Research Question or Something Close

My current interest is looking at how online communities have developed and/or furthered the movement to "go green." I will be looking at sources that discuss the dynamics of online communities and hope to find some sources that deal directly with online communities in relation to social movements. I think it would be interesting to discover whether any of the articles address how much "community" comes out of online communities.

Friday, February 6, 2009

My Life in Technology

The Beginning
I remember the Christmas my brothers got an Atari. I thought it was so cool...they could play games on the television! However, I had no interaction with it whatsoever; my brothers threatened my very life if I even breathed on the consul. Perhaps that started my lifelong aversion to gaming.
The VCR was a much bigger presence in my life. I loved being able to watch movies over and over. My families loved to watch movies, so our VCRs were always well used. Video rental storeswere popping up all over the place. I once picked out a video and my father told me we couldn't rent that one because it was a Betamax video and our machine was a VHS machine. I witnessed the original home viewing format war - now that belongs to DVD vs. Blu-ray.

The Middle
Computers have become a huge part of my life, professionally and personally, but memories of using a computer are sparse before college. According to my parents, I learned to read on a Mac at school, using a then, new phonics program. They said I was reading within a week, but I don't remember this. I must have used one for word processing in high school, but I cannot recall a specific time. It became more important in college where it was required to type papers. So it was in 1996 that I first used Word and really, that was my only concept of working with a computer for a long time.

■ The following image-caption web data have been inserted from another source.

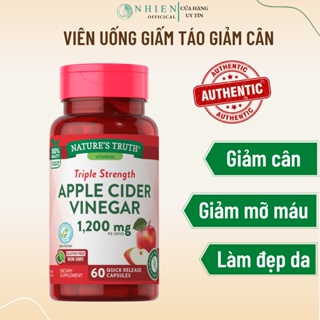 Viên uống giấm táo giảm cân, giảm mỡ toàn thân Nature s Truth Apple Cider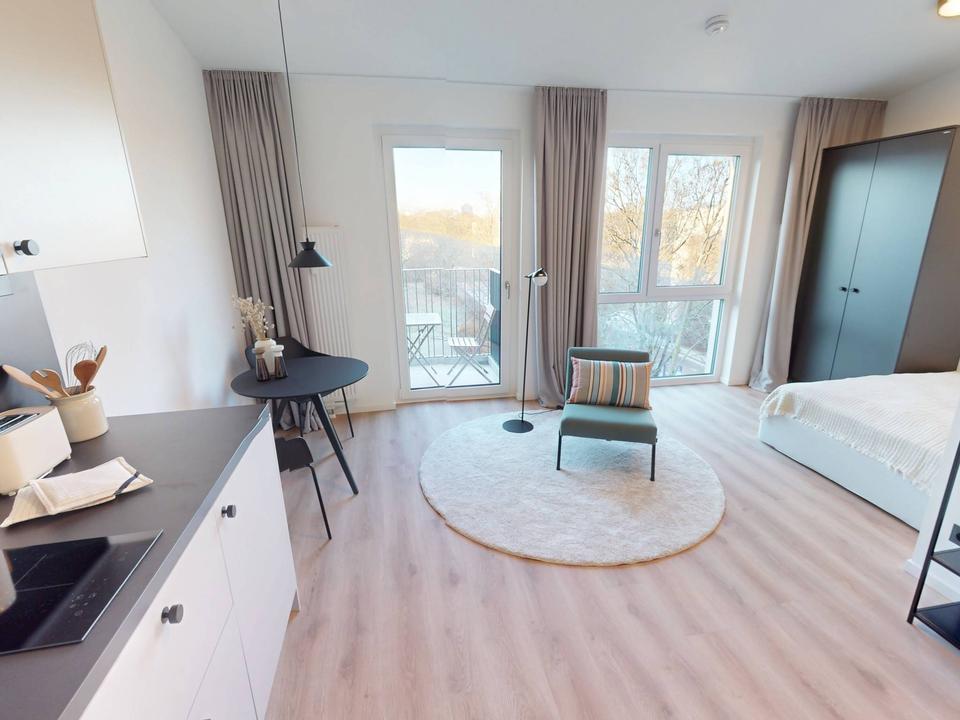 Thumbnail-Koffer packen und einziehen: Modernes 1-Zimmer-Apartment mit geschmackvoller Möblierung, EBK und BALKON direkt an der Spree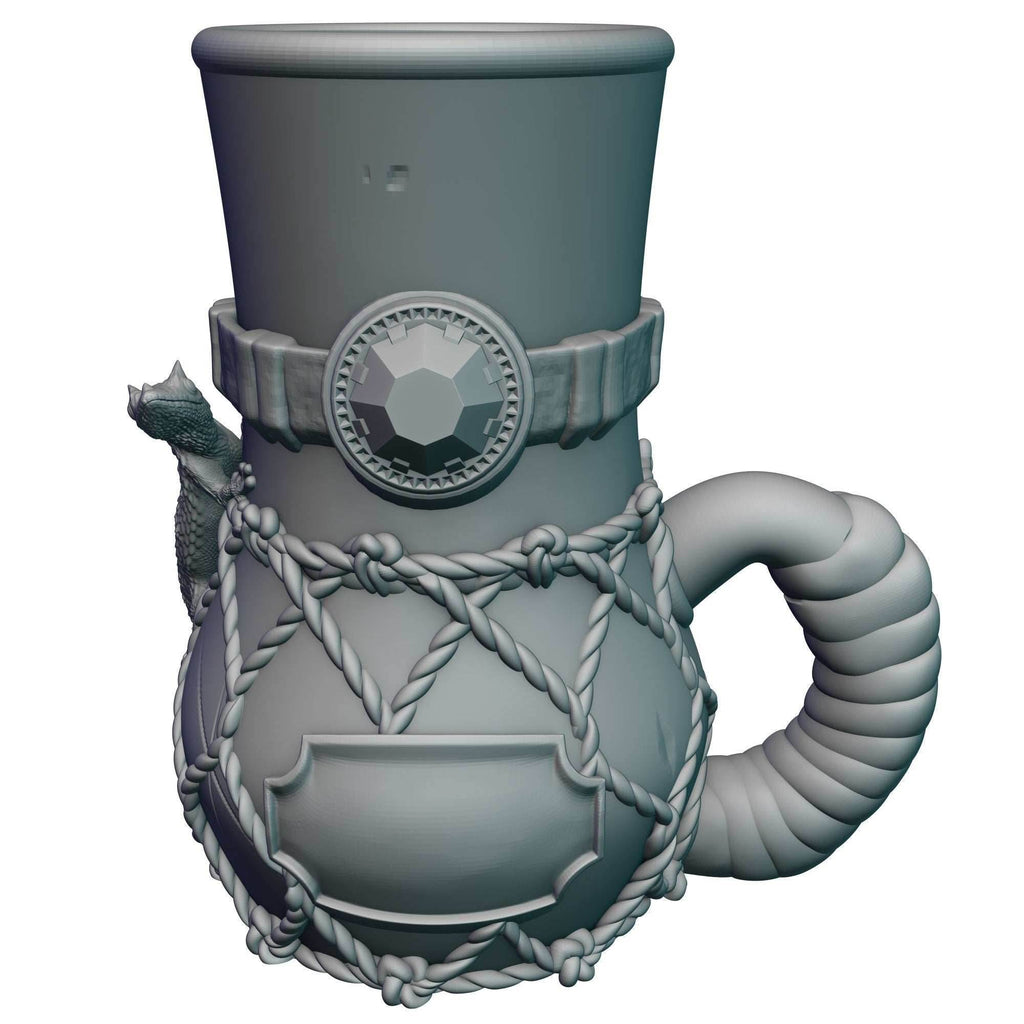 Wizard 3D Printed Mythic Mug Dice Vault & DnD Can Holder- Mythic Mugs- Ars Moriendi 3D - Unlock Arcane Wonders! - Black / Non Threaded-No Lid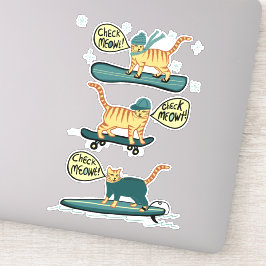 KARO MEOWT! Tabby Cat Skateboard Surf Snowboard Aufkleber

It was during college (the undergraduate degree) that I experienced my first non-word processing application on a computer. I fumbled through Quark Xpress in a journalism
editing class. We had to produce a one-sheet tabloid paper and more important than the finished product (it wasn’t that great), this was the first time I dived into a software and learned how to use it myself. It was a huge foundation for what I would end up doing for the rest of my life.

Personally, when I first started college, I was far away from home, far from all my friends, and it was difficult for me to make friends. Email made me feel better. As primitive as it was in 1996, it still allowed me to stay in touch with my friends. We all wrote back and forth about how school was harder than we thought, how it was strange to be away from home. Email was more than contacting professors and classmates (professionally, I think, people were still on the fence about it as communication at that time), it was a way to talk to friends, both far and near. I still have my first non-school email address. It has become my fallback email address, one where I send confirmations to what I buy, or the email I put in when I start an account somewhere, but I still have it.

The Rest (So Far)
Using my computer professionally and personally is still a major part of my life, and it has evolved with the changes technology and software have experienced.

While I was working on my Masters degree, software became very important to me. I made my first PowerPoint presentation (one of many). I no longer had to use Quark Xpress, I was able to use InDesign. I played my way to a working knowledge of Photoshop. I built websites with Dreamweaver. I tried Flash. I not only learned to use these, but I honestly became
interested in learning more. I paid attention when Adobe bought Macromedia and was excited about the possibilities. I read up on the differences in versions. My mentality was, why use a Word document, when you could use anything else.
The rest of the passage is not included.